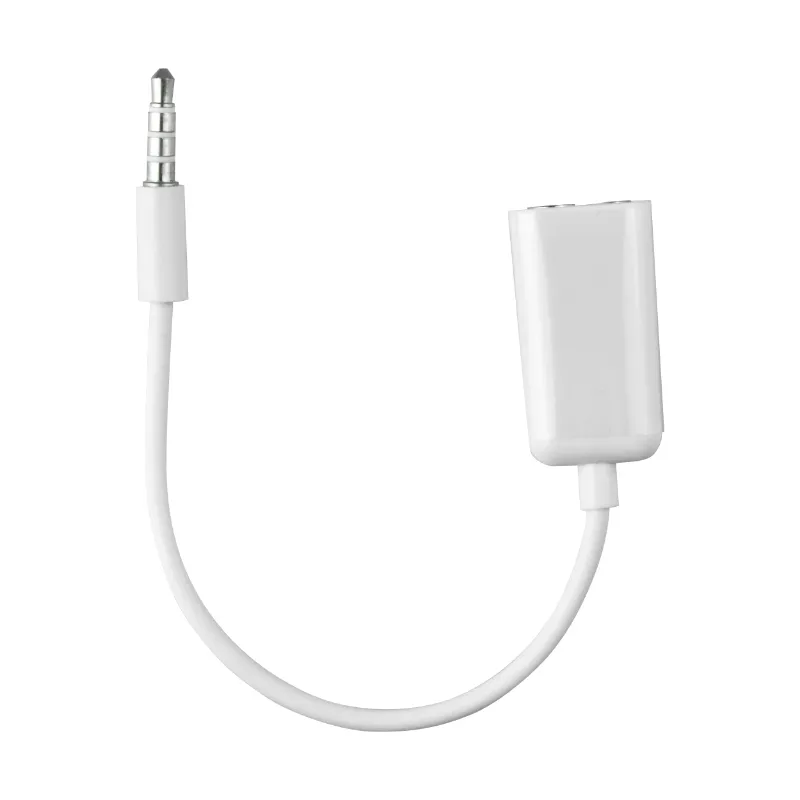 adapter-wtyk-jack-2-x-gniazdo-jack-na-kablu
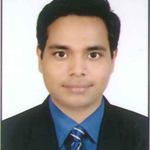 Krishna Dwivedi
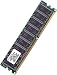 Electronics : Dane-Elec - Memory - 1 GB - DIMM 184-PIN - DDR - 400 MHz / PC3200 - unbuffered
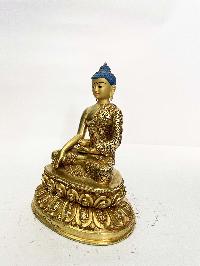 thumb3-Shakyamuni Buddha-24348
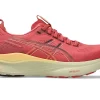 ASICS Gel-Kayano 32 Women's 1012B838-700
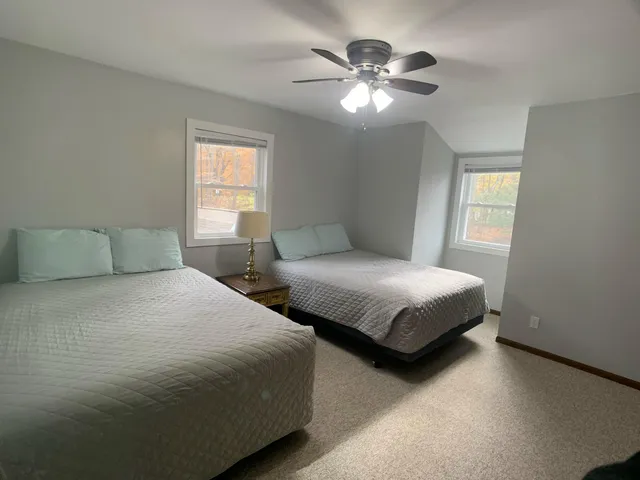 $1,800 | 4805 Rosabelle Beach Avenue, Holland, MI 49424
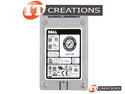 DELL 400GB USATA 1.8 INCH ENTERPRISE CLASS MICRO SATA SOLID STATE HARD DRIVE SSD preview image #2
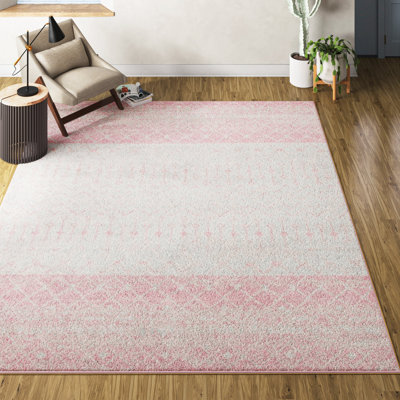 Tapis Somerville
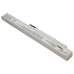 Batterier Erstatter AR5BXB63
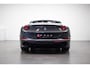 Ferrari California 3.9 T HELE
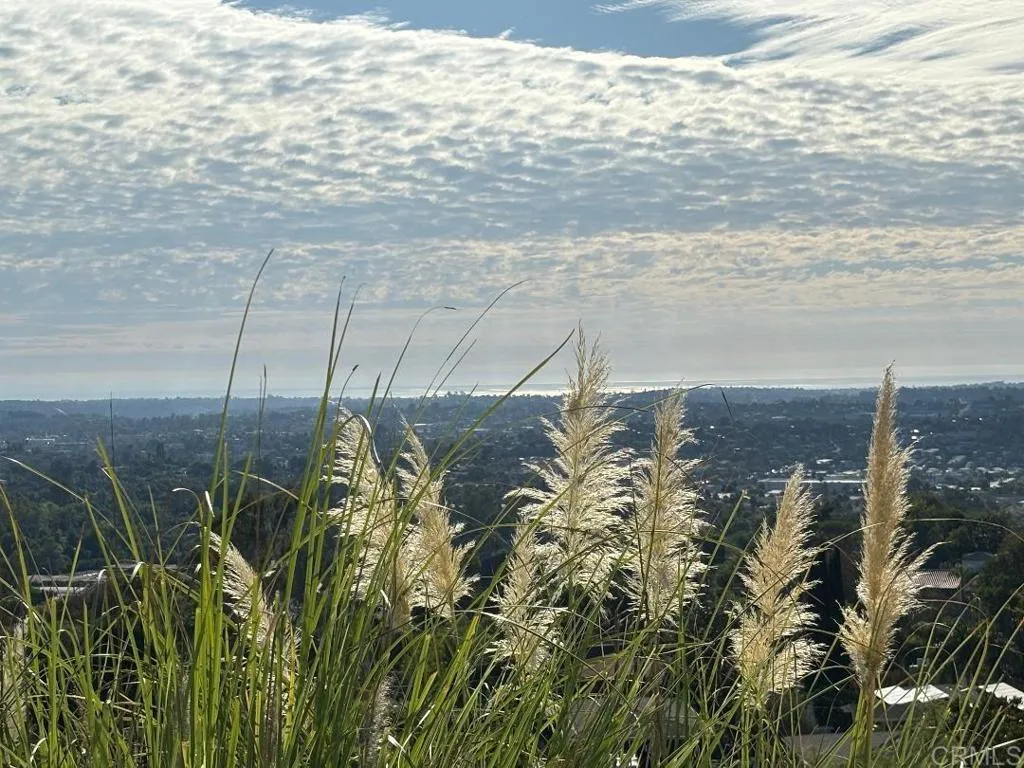 https://cdn.realtyfeed.com/cdn/127/306711597/6068b1e49b71d4af456be0ad27aec501.webp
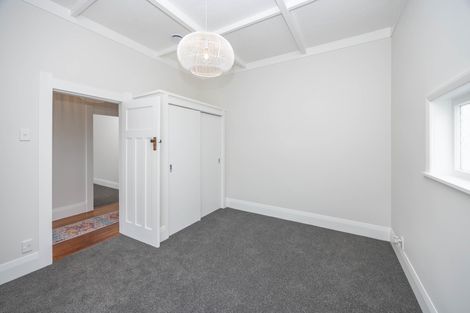 Photo of property in 3a Russell Avenue, Ngaruawahia, 3720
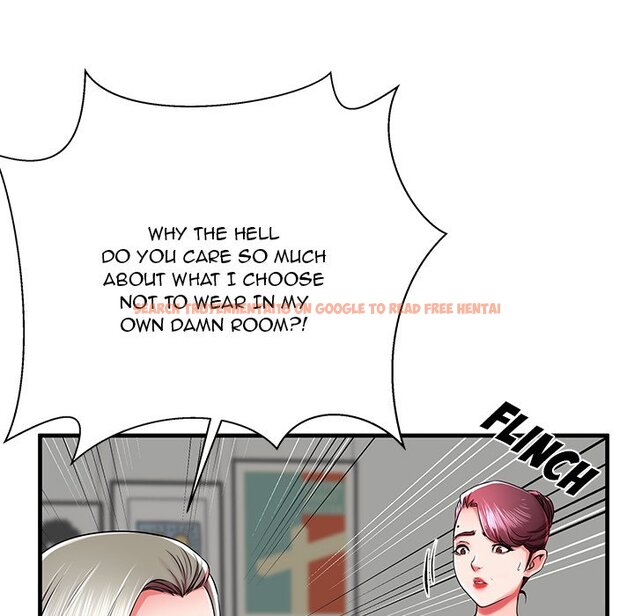 Read Hentai Image 73 037 in comic Bad Parenting - Chapter 35 - www.hentaitnt.net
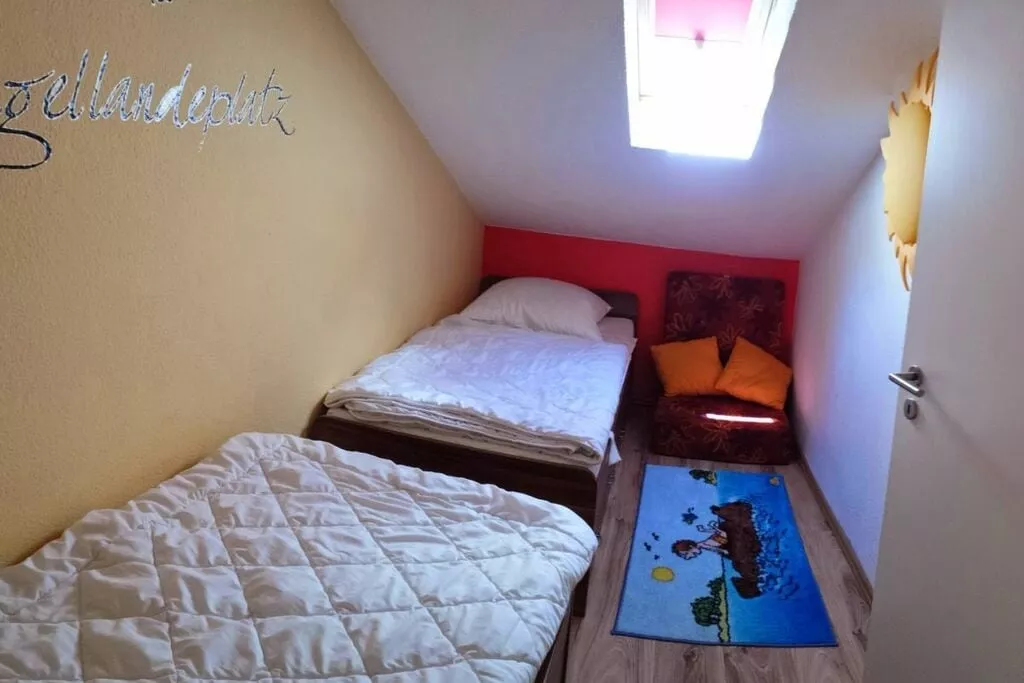 239782-Bedroom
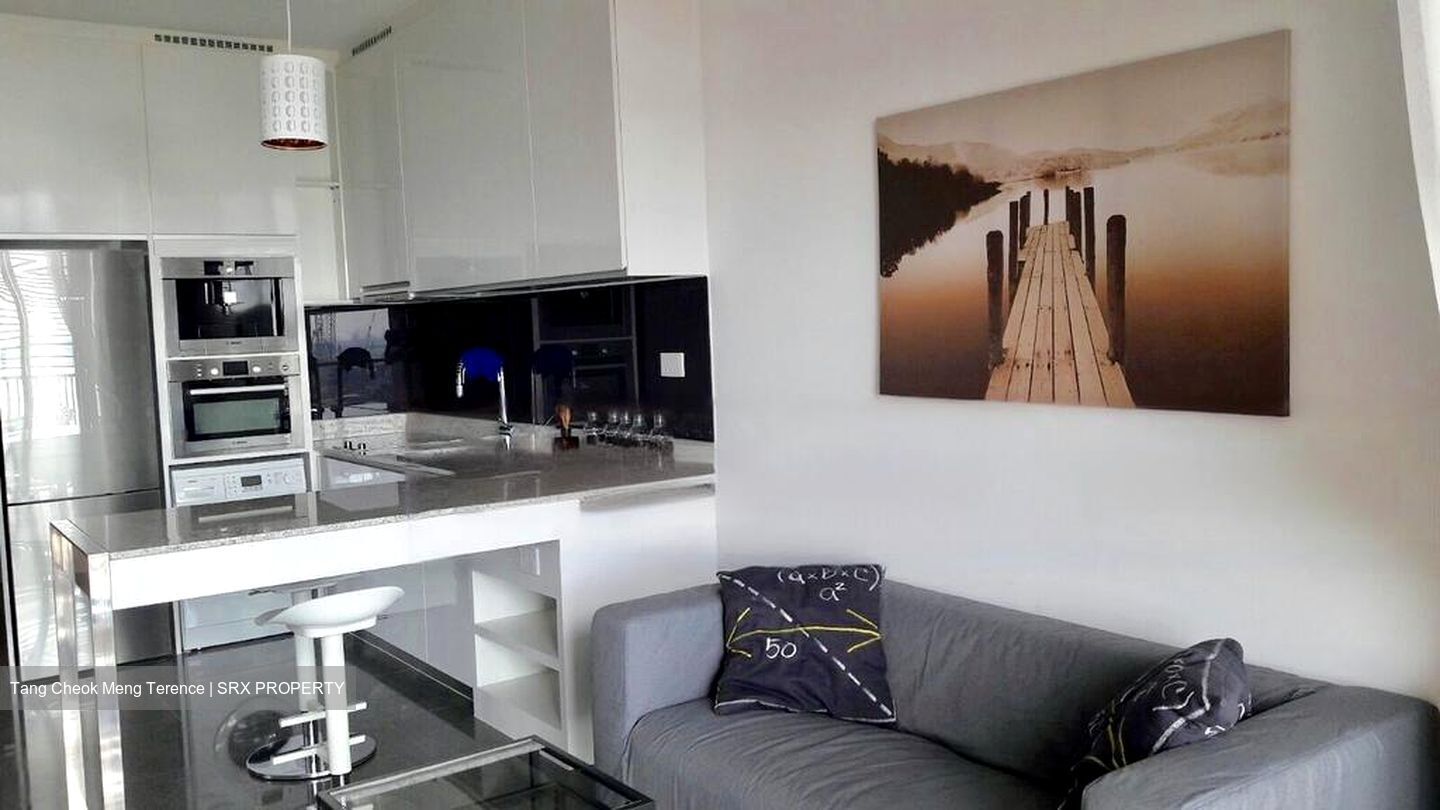 SeaHill (D5), Condominium #459022671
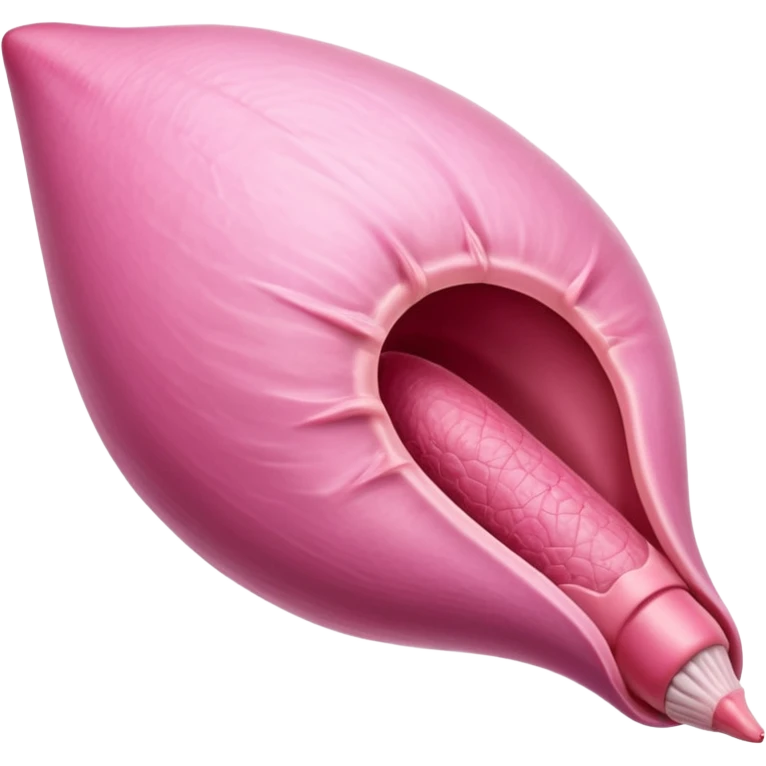 Penis in pussy emoji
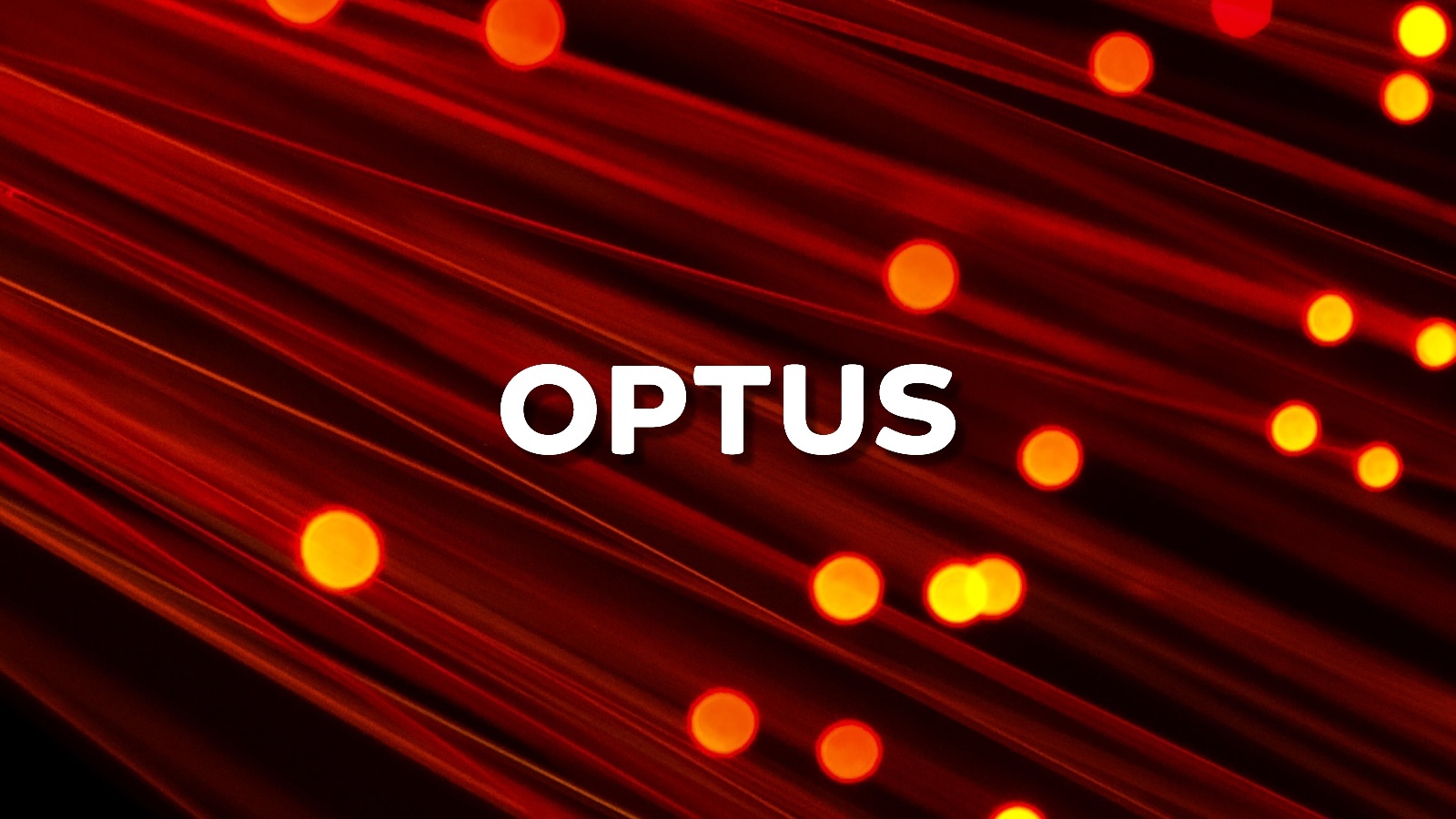 Optus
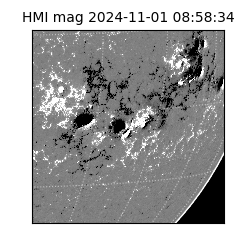 shmi - 2024-11-01T08:58:34.300000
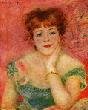 Renoir, Pier Ogust. 
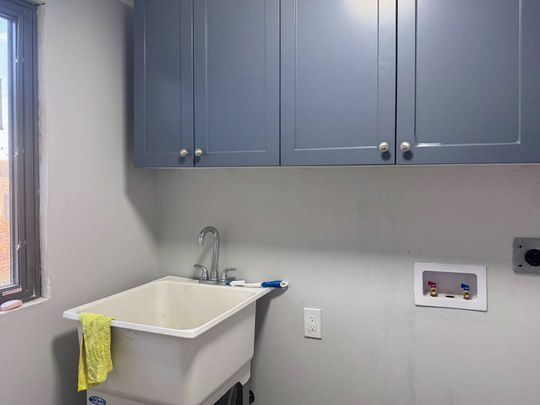 For Lease - 375 Blue Lake Road, Brant, Ontario - Photo 1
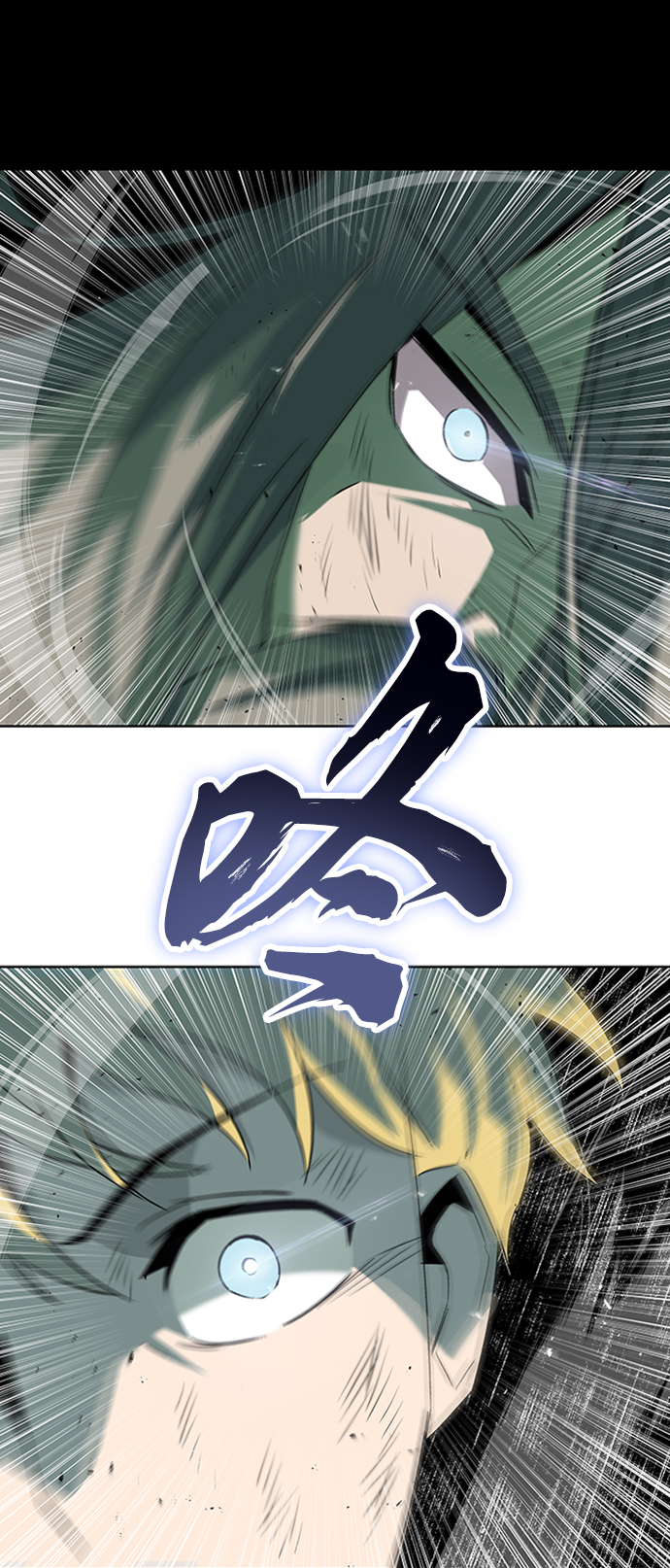 [第16话] 大剑所斩之物38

EXERCISE DESCRIPTION: Look above for the line containing "Krishna Dwivedi"; output that line and all lines after it through the last one exactly, without the pictures.

ANSWER FOR THIS EXERCISE:
 Krishna Dwivedi
 Electronics : Dane-Elec - Memory - 1 GB - DIMM 184-PIN - DDR - 400 MHz / PC3200 - unbuffered
 thumb3-Shakyamuni Buddha-24348
 ASICS Gel-Kayano 32 Women's 1012B838-700
 $1,800 | 4805 Rosabelle Beach Avenue, Holland, MI 49424
 DELL 400GB USATA 1.8 INCH ENTERPRISE CLASS MICRO SATA SOLID STATE HARD DRIVE SSD preview image #2
 Tapis Somerville
 Batterier Erstatter AR5BXB63
 Ferrari California 3.9 T HELE
 https://cdn.realtyfeed.com/cdn/127/306711597/6068b1e49b71d4af456be0ad27aec501.webp
 Photo of property in 3a Russell Avenue, Ngaruawahia, 3720
 Read Hentai Image 73 037 in comic Bad Parenting - Chapter 35 - www.hentaitnt.net
 239782-Bedroom
 SeaHill (D5), Condominium #459022671
 Penis in pussy emoji
 Optus
 shmi - 2024-11-01T08:58:34.300000
 Renoir, Pier Ogust. 
 For Lease - 375 Blue Lake Road, Brant, Ontario - Photo 1
 [第16话] 大剑所斩之物38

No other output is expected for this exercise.